Translate

Thursday, 4 June 2015

Rumah Impian

Jam 15.48. Matahari masih terik. Kita duduk di sebelah ayunan sebuah taman kota. Aku masih sibuk dengan gadgetku saat kau mulai berbicara panjang lebar. Ku membalikkan tubuhmu kebelakang, ku pikir kau marah. Tapi kau sedang serius mengamati rumah minimalis yang berada tepat diseberang jalan.

"Aku mau punya rumah minimalis seperti itu." Ucapmu sambil menunjuk ke sebuah rumah bercat biru langit dengan arsitektur klasik.

"Iya nanti bikin yang kaya' gitu." Jawabku enteng.

"Tapi aku mau yang ada pohon mangga manalagi yang besar terus banyak buahnya."

"Pohon mangga besar ya? Gak mau yang kecil?" Tanyaku. Kamu hanya menggelengkan kepala.
"Baiklah.. Entar tanam pohonnya dulu. 10 - 15 tahun atau mungkin bisa lebih, terus tungguin buahnya banyak, baru deh bangun rumahnya." Kau hanya tertawa mendengar jawabanku dan mencubit perutku.

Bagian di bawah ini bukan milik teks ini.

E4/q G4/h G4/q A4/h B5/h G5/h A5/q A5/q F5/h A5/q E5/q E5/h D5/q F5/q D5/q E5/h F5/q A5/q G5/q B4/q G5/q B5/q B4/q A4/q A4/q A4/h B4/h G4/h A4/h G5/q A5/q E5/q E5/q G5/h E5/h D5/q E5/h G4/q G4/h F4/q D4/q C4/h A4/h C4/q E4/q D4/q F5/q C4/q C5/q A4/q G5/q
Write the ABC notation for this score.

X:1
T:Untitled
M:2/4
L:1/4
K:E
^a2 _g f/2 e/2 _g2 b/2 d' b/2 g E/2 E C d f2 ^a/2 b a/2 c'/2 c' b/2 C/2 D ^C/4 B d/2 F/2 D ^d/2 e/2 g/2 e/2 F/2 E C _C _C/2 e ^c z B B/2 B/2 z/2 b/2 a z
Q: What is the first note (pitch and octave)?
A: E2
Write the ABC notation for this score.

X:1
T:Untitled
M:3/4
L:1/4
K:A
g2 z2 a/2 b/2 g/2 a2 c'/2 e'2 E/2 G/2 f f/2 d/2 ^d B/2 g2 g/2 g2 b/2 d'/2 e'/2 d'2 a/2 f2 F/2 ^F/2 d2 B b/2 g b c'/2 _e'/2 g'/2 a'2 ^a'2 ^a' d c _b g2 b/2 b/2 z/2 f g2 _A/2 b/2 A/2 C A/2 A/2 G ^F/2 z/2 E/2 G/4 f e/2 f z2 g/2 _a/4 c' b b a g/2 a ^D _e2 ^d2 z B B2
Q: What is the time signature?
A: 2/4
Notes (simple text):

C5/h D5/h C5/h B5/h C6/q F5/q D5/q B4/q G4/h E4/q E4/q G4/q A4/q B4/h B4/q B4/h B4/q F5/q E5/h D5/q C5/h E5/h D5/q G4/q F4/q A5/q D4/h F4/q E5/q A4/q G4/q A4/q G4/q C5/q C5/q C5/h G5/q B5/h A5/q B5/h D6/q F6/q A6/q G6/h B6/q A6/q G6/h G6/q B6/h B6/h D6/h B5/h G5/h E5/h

"Aku ingin rumahnya ada ruang baca dengan rak yang di penuhi buku, lalu ada jendela besar disana yang mengarah ke taman dengan kolam kecil yang ada ikannya. Lalu aku ingin dapur bersih dengan peralatan masak yang lengkap. Terus aku ingin meja makan panjang seperti di bar. Terus ruang tamunya minimalis aja, di dindingnya di gantung lukisan pohon dengan sungai atau air terjunnya. Biar adem." Dia berbicara panjang lebar dan aku mendengarkan sambil membayangkan bagaimana jadinya.
"Eh iya, pengen ada ring basketnya juga." Tambahnya sambil tersenyum.

"Lah, gak jadi minimalis dong?"

"Ya tetep minimalis."

"Tapi kok pengen ada ring basket, terus taman yang ada kolamnya."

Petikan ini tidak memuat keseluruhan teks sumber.